Markets hits life-time high levels; rallies around a percent

02 Jul 2014 Evaluate

Witnessing hectic buying since early deals, local equity markets were trading at fresh life-time high levels after Finance Minister Arun Jaitley's commented that 'mindless populism' in policymaking needed to be checked stoke expectations of a pragmatic budget on July 10. Additionally, sentiments also got a lift after FM underscored that a high fiscal deficit and inflation were major challenges for India, which in turn triggered hopes that he could unveil fiscal consolidation measures in his first annual budget. Meanwhile, sentiments were also buttressed by positive global set-up. At day’s high, both Sensex and Nifty were trading above the crucial 25,750 and 7,700 levels respectively, with gains of close to a percent. Meanwhile, broader indices also following suite were up with gains in the range of 0.85%-1.05%.

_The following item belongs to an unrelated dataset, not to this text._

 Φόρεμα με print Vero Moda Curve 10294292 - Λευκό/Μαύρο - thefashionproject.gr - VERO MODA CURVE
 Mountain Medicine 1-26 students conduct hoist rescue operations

Gains at Dalal Street were led by stocks from Infrastructure, Power and Metal counters, while stocks from Information Technology pivotal were the sole loser. Meanwhile, banking stocks were also up on renewed buying, with all private sector banks, like ICICI bank, IndusInd Bank and Yes Bank trading with gains of over a percent.  The market breadth on BSE was positive, out of 2,718 stocks traded, 1,784 stocks advanced, while 1022 stocks declined on the BSE.

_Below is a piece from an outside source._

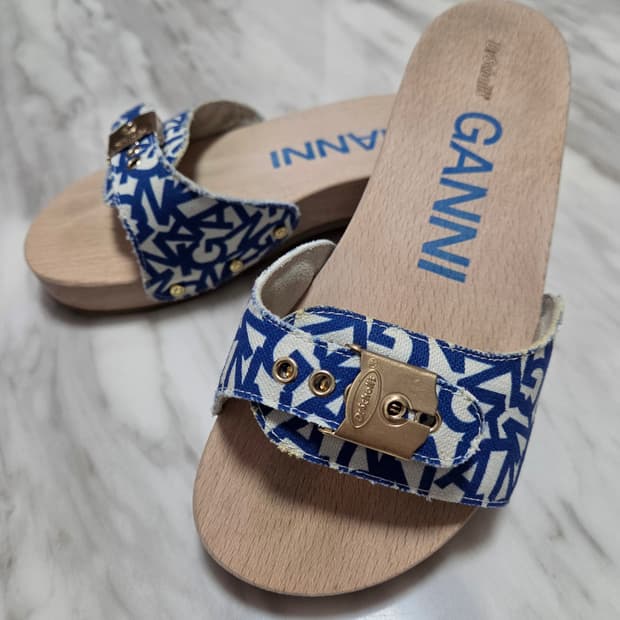 가니 X Dr.숄 우드솔 샌들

The BSE Sensex is currently trading at 25770.07, up by 253.72 points or 0.99% after trading in a range of 25660.16 and 25789.42. There were 28 stocks advancing against 2 stocks declining on the index.

The broader indices were trading in green; the BSE Mid cap index was up by 0.89%, while Small cap index up by 1.05%.

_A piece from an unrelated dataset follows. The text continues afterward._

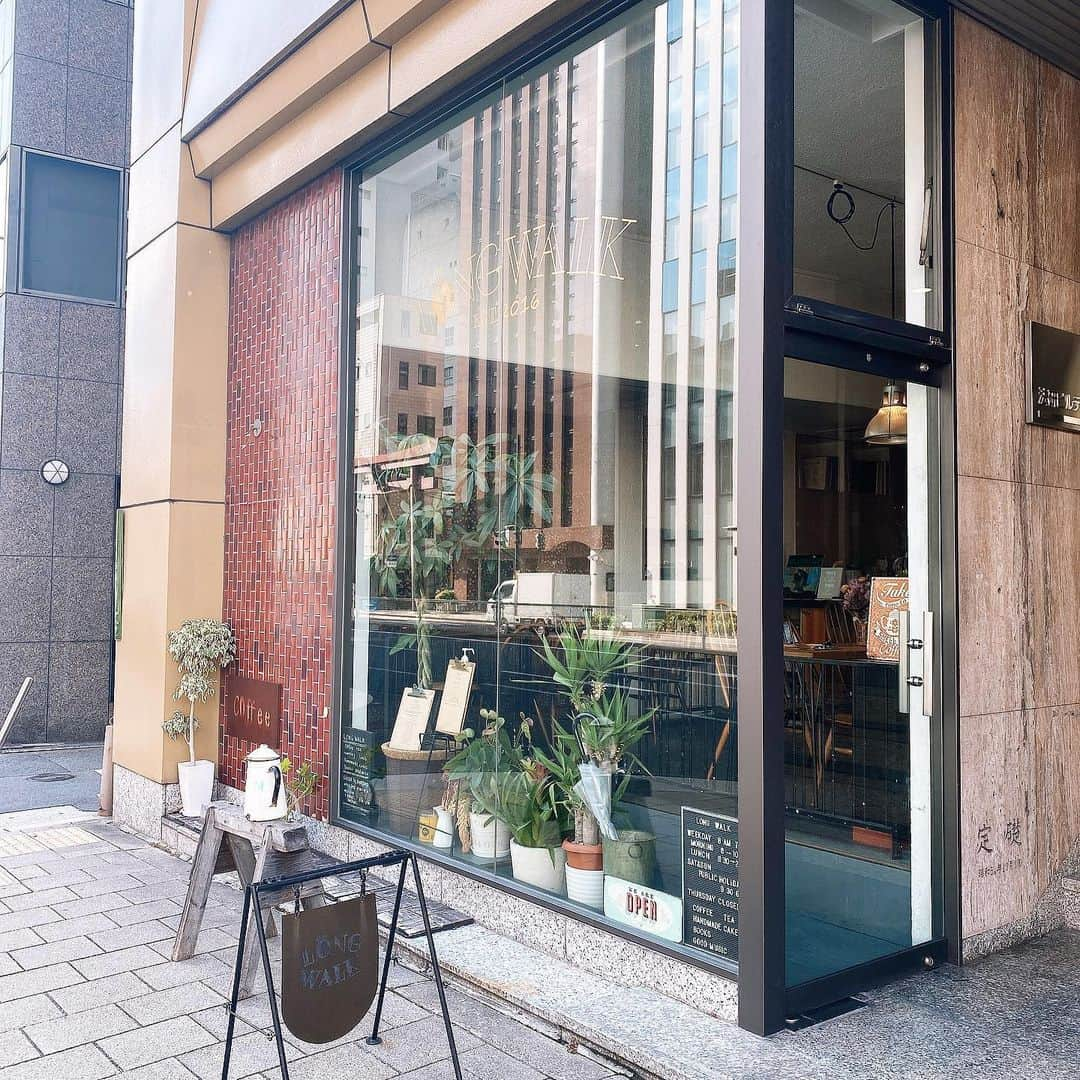 筒井愛実さんのインスタグラム写真 - (筒井愛実Instagram)「． 📍Long Walk Coffee ． 南森町の落ち着いた雰囲気のcafe🍽 ☑︎カレー🍛（友達の） ☑︎チキンサンド🥪 ☑︎チーズケーキ🧀 までバッチリいただきました◎ ※来店はまさかの昨年10月ごろです🤭 ． #longwalkcoffee #南森町カフェ #時差投稿オブザイヤー」1月21日 7時51分 - manamin_158cm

The gaining sectoral indices on the BSE were Infrastructure Index up by 1.74%, Power up by 1.51%, Metal up by 1.38%, Consumer Durables up by 1.24% and Healthcare up by 1.17%. On the flip side, IT down by 0.04% was the lone losing index on BSE.    

The top gainers on the Sensex were SSLT up by 2.75%, Maruti Suzuki up by 2.16%, Coal India up by 1.86%, HDFC Bank up by 1.69% and M&M up by 1.66%. On the flip side, Hindalco Industries down by 0.11%, Infosys and Gail India down by 0.03%.

Meanwhile, Global rating agency Fitch has stated that India's economic growth will accelerate to 5.5 percent in the FY15. Fitch also revised the growth rate upward to 6.5% in FY16 from 6% projected earlier.

The rating agency noted that latest policy announcements by new government signal a strong intention to pursue reforms. However, Fitch added that budget 2014-15 will give more indications on the government's policy intention, while implementation of the measures will clarify the level to which growth can be boosted.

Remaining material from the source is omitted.